In Georgia alone, the state education lottery has provided $12.6 billion for higher education, pre-K programs, and early childcare since its launch in 1993. The state’s HOPE scholarship, which offsets tuition for in-state students who meet a GPA cutoff and other academic requirements, is funded entirely by lottery revenue.

Who’s providing the funding?

While many college students across the nation are benefitting from state lottery-funded financial aid, low-income families are both contributing disproportionately to the pot of available funds—and receiving relatively few scholarship dollars on the other end.

“Lower-income areas purchase a disproportionate amount of lottery tickets,” said Celeste Carruthers, an associate professor at the University of Tennessee at Knoxville who has studied the Texas lottery. And, because lottery tickets have a set price, a ticket purchase eats up a larger share of income for low earners, compared with higher-earning families.

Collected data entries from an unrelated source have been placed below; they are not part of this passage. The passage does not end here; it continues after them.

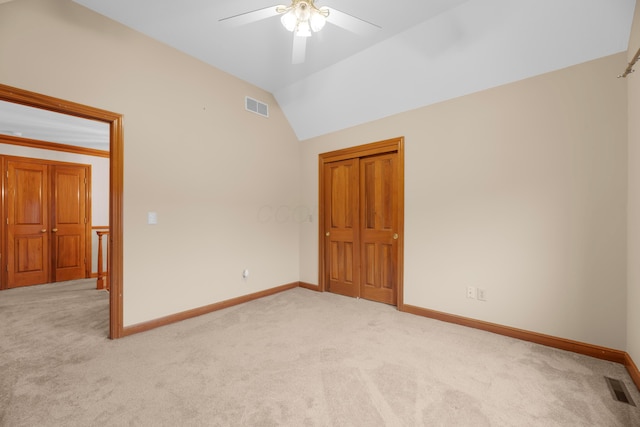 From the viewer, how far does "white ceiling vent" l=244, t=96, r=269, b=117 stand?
376 centimetres

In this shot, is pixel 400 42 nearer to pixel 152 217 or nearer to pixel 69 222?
pixel 152 217

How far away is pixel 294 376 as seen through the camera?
6.44 ft

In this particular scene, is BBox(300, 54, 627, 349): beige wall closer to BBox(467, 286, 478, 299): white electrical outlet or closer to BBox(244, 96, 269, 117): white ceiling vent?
BBox(467, 286, 478, 299): white electrical outlet

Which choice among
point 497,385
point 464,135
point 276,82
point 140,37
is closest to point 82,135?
point 140,37

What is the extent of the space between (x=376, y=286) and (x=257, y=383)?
7.24ft

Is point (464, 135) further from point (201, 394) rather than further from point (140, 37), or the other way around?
point (140, 37)

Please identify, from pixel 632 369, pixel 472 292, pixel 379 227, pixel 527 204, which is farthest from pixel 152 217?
pixel 632 369

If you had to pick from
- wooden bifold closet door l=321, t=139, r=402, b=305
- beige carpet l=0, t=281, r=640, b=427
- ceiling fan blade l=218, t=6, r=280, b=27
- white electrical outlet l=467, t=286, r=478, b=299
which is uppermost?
ceiling fan blade l=218, t=6, r=280, b=27

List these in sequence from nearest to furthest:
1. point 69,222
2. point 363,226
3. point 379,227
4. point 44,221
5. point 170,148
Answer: point 170,148 → point 379,227 → point 363,226 → point 44,221 → point 69,222

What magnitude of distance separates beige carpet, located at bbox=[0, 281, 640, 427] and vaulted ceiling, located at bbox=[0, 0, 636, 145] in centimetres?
252

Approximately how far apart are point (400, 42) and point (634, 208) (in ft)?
7.72

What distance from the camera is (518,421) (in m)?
1.53

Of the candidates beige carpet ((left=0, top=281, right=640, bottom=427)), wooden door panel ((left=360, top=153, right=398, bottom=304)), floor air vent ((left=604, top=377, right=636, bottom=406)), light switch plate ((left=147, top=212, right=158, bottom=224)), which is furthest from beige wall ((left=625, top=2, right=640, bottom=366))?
light switch plate ((left=147, top=212, right=158, bottom=224))

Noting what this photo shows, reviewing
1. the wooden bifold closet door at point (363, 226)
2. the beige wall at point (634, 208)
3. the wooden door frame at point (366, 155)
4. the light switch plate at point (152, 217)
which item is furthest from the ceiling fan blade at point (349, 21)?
the light switch plate at point (152, 217) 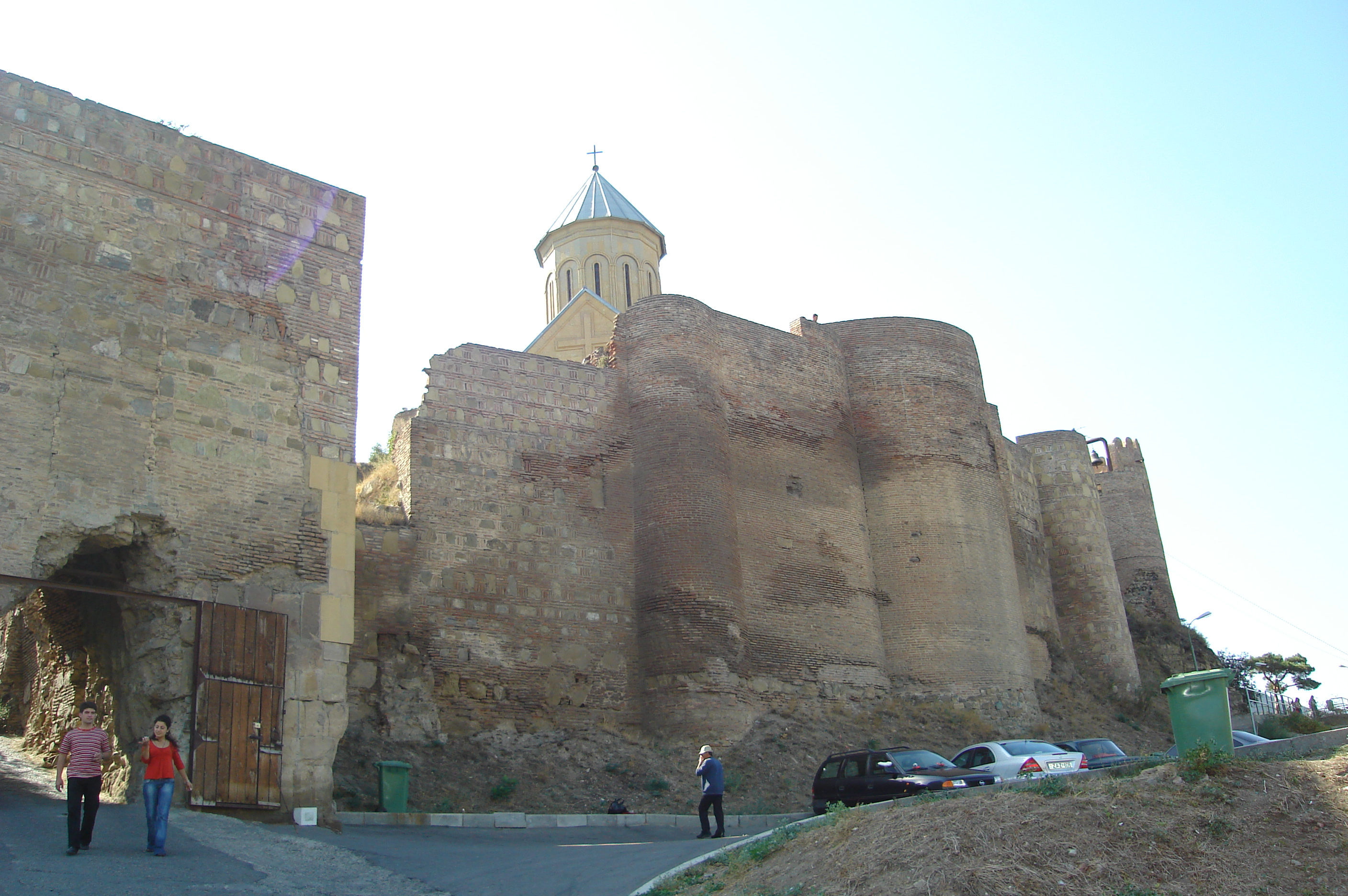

Experts further note that only a fraction of the lottery ticket price—for instance, 50 percent in Georgia—goes toward the pot of potential winnings; the rest covers administrative costs. That creates an “implicit tax,” one that’s inordinately shouldered by low-income households.

Who’s receiving the aid?

In some states, lower-income students also are less likely to receive lottery-funded financial aid than high-income households. Studying Georgia’s education lottery, Georgia State University professors Ross Rubenstein and David C. Ribar found that students from families with incomes above $100,000 were much more likely to receive the state’s Zell Miller scholarship, a complement to the HOPE scholarship, than students from families with incomes below $30,000. White students, meanwhile, were eight times more likely than Black students to receive the scholarship.

Making lottery-funded scholarships more equitable “is no easy task,” Inside Higher Ed notes. The programs are immensely popular in their current format. Research suggests that even rebranding the lottery as a financial-aid vehicle is unlikely to significantly boost ticket sales among high-income consumers.